Para escribir Las señoritas. Historia de las maestras estadounidenses que Sarmiento trajo a la Argentina en el siglo XIX (Lumen), su nuevo libro de no ficción, Laura Ramos (Buenos Aires, 1960) recorrió archivos de museos históricos, cementerios de provincias, universidades extranjeras y bibliotecas, leyó cientos de cartas y examinó fotografías de mujeres que fueron jóvenes hace más de cien años. Otra vez, como había hecho con los “libros álbumes” La niña guerrera e Infernales, la escritora y cronista eligió a un protagonista colectivo: un selecto grupo de veinte de las sesenta y una maestras que llegaron al país desde Estados Unidos (ellas sí en barco, como le gusta decir al presidente Alberto Fernández) durante el siglo XIX, de la mano del otro gran protagonista del libro, presente a lo largo de las páginas: Domingo Faustino Sarmiento.

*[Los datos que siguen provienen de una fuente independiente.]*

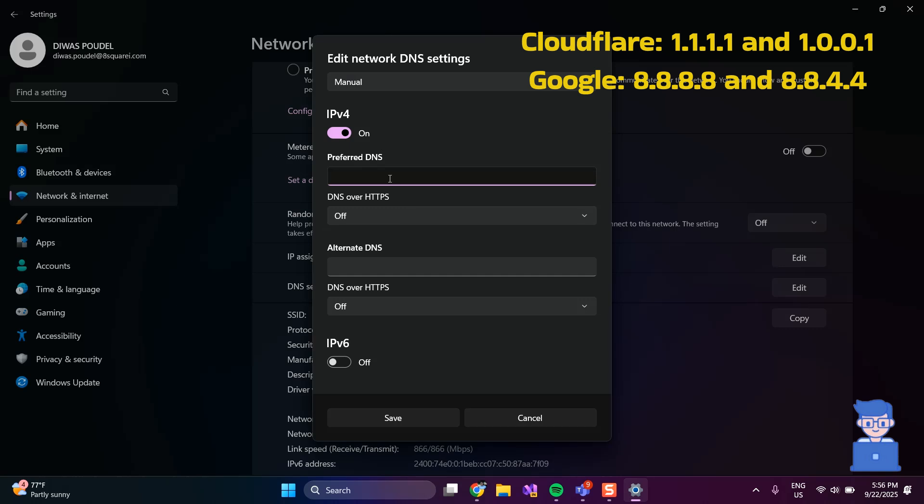Enter the IP addresses of DNS servers that support DOH. You can use Cloudflare or Google DNS as shown here.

“Hice tres hallazgos bomba –revela la escritora-. Sobre la abuela de Borges, Fanny Haslam, escribí un capítulo entero; otro sobre una maestra muerta de sífilis, hecho que descubrí con la gente del cementerio de la Recoleta, y que había sido ocultado por otra maestra estadounidense para que los padres de los alumnos no se enteraran; y sobre las dos maestras que formaron pareja en Chacras de Coria, en Mendoza, con el pueblo aceptándolas y respetándolas”. Mary Olive Morse y Margaret Collord vivieron juntas por más de cincuenta años en ese pequeño pueblo y fueron enterradas juntas por pedido de ambas (el villano de este episodio es el sobrino de Morse, que destruye los libros y objetos personales de las maestras en una hoguera).
¿Cómo surgió la idea de contar la historia de estas señoritas maestras en la Argentina? ¿Cuánto tiempo de investigación te llevó el libro?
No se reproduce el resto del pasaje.